**Exercise brief:** Output each entry verbatim. Leave the images out.

+++

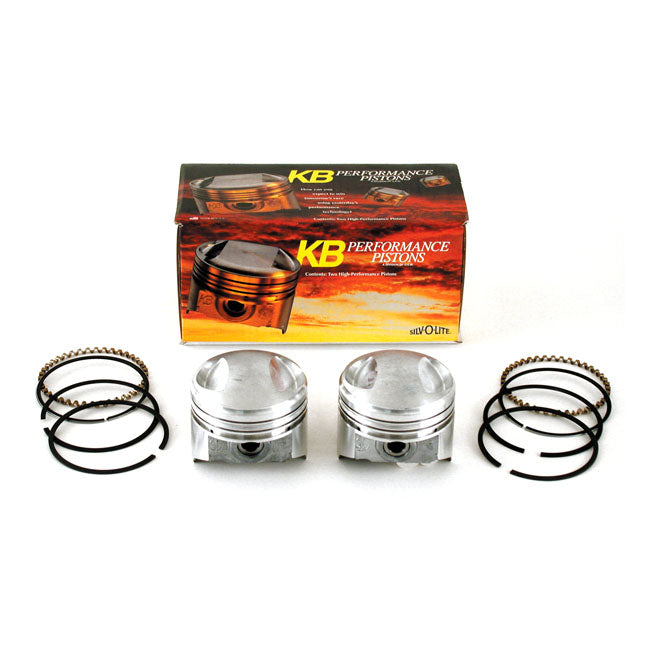 Kb Performance, 1340cc Shovel Pop Up Piston Kit. +.005" Pistons And Rings Kits Kb Performance Piston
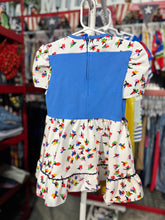 Load image into Gallery viewer, Vintage Blue/White Floral Dress 4T (100cm)
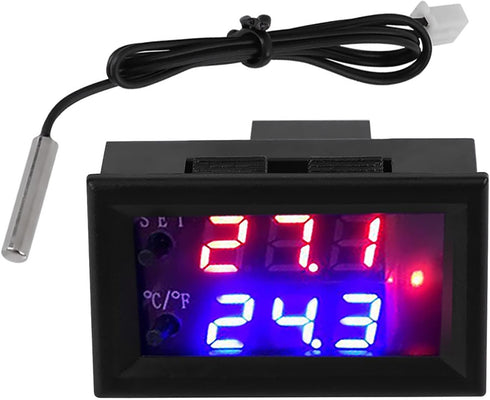 Temperature Controller, PID Temperature Controller Kit Digital Display Microcomputer Thermostat Temperature Controller Switch Temperature Sensor f...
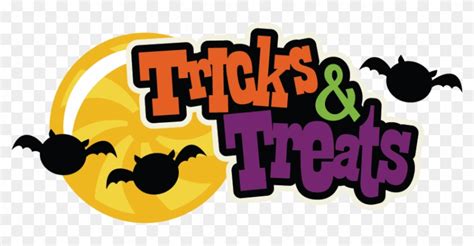 Tricks Or Treats Trick Or Treat Word Clipart Free Clip - Halloween ...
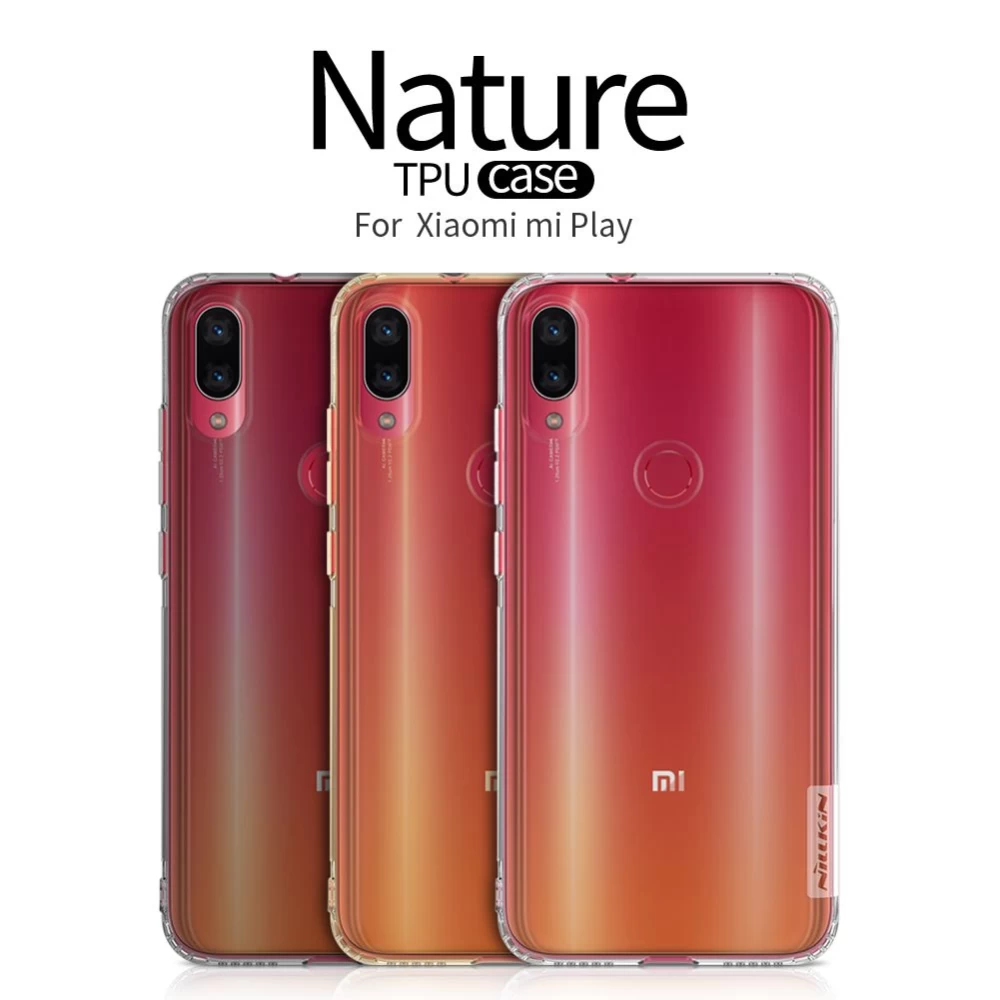 Xiaomi Mi Play ümbris läbipaistev TPU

+++

**Result of this task:**
 Kb Performance, 1340cc Shovel Pop Up Piston Kit. +.005" Pistons And Rings Kits Kb Performance Piston
 Load image into Gallery viewer, Vintage Blue/White Floral Dress 4T (100cm)
 Temperature Controller, PID Temperature Controller Kit Digital Display Microcomputer Thermostat Temperature Controller Switch Temperature Sensor f...
 Tricks Or Treats Trick Or Treat Word Clipart Free Clip - Halloween ...
 Xiaomi Mi Play ümbris läbipaistev TPU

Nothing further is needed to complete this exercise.